Resisting Removal: The Sandy Lake Tragedy and the Years That Followed
Mustful catalogs the events surrounding the Lake Superior Ojibwe in the years 1850 to 1855 - specifically, the illegal removal efforts of Minnesota Territorial Governor Alexander Ramsey and Indian Agent John Watrous that resulted in the death of 400 Ojibwe at Sandy Lake, MN in what is now known as the Sandy Lake Tragedy. Mustful considers important elements of cultural and historical interpretation such as cultural appropriation. Then provides the cultural and political context of the 1850 Removal Order. He details the continued removal efforts after the Sandy Lake Tragedy and the perseverance of the Lake Superior Ojibwe to resist those efforts and earn a new treaty that promised permanent reservation homes in their homeland.

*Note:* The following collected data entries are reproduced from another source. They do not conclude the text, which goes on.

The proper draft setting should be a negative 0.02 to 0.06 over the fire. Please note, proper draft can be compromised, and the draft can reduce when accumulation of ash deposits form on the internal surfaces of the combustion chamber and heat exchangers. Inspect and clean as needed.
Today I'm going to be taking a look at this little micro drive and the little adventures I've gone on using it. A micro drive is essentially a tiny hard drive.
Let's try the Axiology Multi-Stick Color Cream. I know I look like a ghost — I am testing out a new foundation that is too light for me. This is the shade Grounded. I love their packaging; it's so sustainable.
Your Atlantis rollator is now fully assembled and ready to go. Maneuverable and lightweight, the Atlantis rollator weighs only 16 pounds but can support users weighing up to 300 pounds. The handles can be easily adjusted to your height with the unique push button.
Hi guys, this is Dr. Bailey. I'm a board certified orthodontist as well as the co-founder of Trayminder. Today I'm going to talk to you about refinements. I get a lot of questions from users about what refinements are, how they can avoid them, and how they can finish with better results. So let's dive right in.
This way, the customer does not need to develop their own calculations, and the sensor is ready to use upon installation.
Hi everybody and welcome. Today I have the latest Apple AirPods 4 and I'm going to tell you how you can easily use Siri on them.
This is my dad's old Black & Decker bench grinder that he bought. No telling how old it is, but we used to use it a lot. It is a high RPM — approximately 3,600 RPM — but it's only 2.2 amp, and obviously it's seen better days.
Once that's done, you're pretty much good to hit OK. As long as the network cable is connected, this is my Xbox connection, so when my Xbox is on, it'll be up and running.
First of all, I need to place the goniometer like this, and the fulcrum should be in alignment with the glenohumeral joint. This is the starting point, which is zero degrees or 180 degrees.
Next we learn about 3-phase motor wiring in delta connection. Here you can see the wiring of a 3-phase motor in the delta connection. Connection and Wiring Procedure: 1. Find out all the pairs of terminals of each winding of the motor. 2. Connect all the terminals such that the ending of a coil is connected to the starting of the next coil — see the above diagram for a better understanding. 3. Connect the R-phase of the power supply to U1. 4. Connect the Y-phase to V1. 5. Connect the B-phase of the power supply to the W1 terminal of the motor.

Authorial Intrusion and the Civil War Novel: How to Write History Through Fiction
Historical fiction is one of the most popular literary genres. When done well it brings history to life, teaching readers about important historical people and events while also evoking profound, relatable emotions through its characters. How does the historical author balance history and fiction? Mustful carefully examines four Civil War narratives and identifies how each author incorporates important historical details into their novels without disrupting the fictional dream. He identifies the specific elements that make a historical novel effective and engaging, showing readers and writers alike how to write history through fiction.
The U.S. - Dakota War of 1862: A Historical Context
On December 26, 1862, thirty-eight Dakota men were hanged in Mankato, Minnesota, in the largest mass execution in United States history. This unfortunate event was the result of the U.S. - Dakota War of 1862. What was the U.S. - Dakota War and how and why did it happen? Mustful traces the history of the U.S. - Dakota War beginning in 1805 when the Dakota signed the Pike Treaty at Bdote and identifies the multiple perspectives and factors that, over time, contributed to the Mankato hangings and the expulsion of the Dakota and Ho-Chunk peoples from Minnesota to Crow Creek, South Dakota.